El sufrimiento, dicen, es opcional. Los fracasos, en cambio, son indispensables. No es posible escribir una línea tantito interesante si no se ha fracasado cientos, miles de veces. Cierto es que fracasar sistemáticamente implica un cierto sufrimiento periódico, pero hay que ser fanático del melodrama para pensar que dentro del sufrimiento no existe una semilla de alegría capaz de suprimirlo y suplantarlo. No escribe uno a pesar de las dificultades que el oficio plantea de por sí, sino precisamente en busca de ellas. Se trata de meterse en camisa de once varas, y eso también explica que el victimismo sea la afección infantil de la escritura.
Mentiría como un pordiosero mañoso si dijera que espero a la desdicha para sentarme a contar una historia. Al contrario, se trata de espantarla. Cierto es que a media pena sabe uno que más tarde o más temprano se atreverá a rascar en esa herida para volver con unos buenos párrafos, pero encuentro de menos sospechoso el acto de exhibir en lo alto a la desgracia, igual que una bandera o un ideario. Nada raro será que el desdichado falle en su autopromoción y termine culpando a esa misma desgracia de la suerte infeliz que le persigue.
No sólo la escritura hace sufrir a quien la cultiva.
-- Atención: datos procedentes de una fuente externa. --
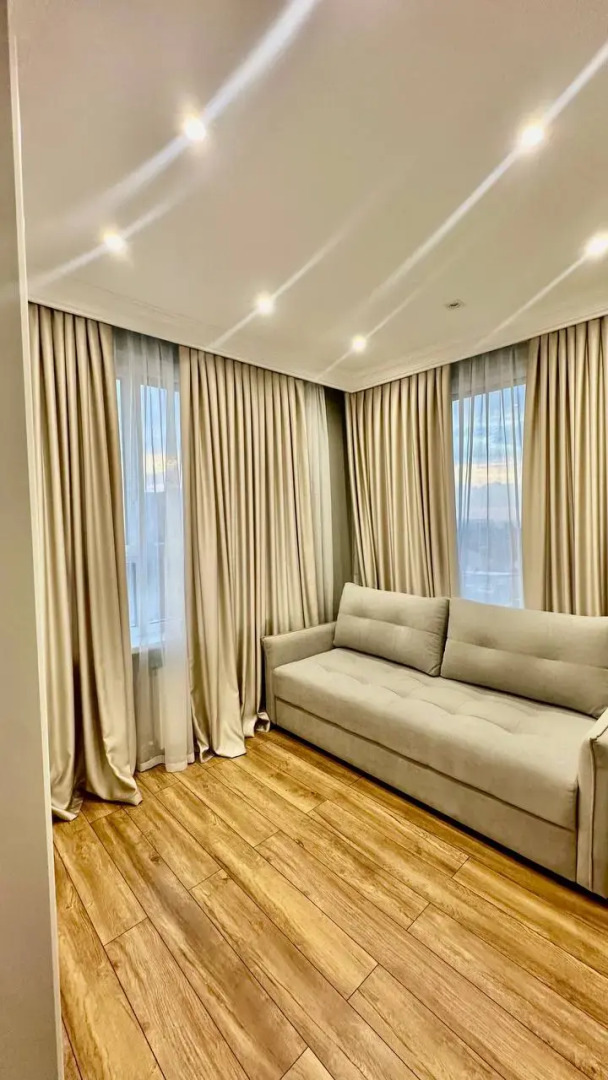 Апартаменты Уютная стильная квартира 67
El amor, por ejemplo, pega más fuerte y en zonas más blandas a quien osa caer en su sortilegio. Y ya se sabe cómo y cuánto maltratan los amores al victimista, sin que por ello pueda pavonearse de ganar experiencia en el asunto. Se escribe, como se ama, con el destino entero por apuesta. No hay sitio para quejas ni capitulaciones. No hay vuelta atrás, ni madre que te envuelva si todo sale mal. No hay más que ese vibrante romance con la vida: pobre del infeliz que se siente a llorar.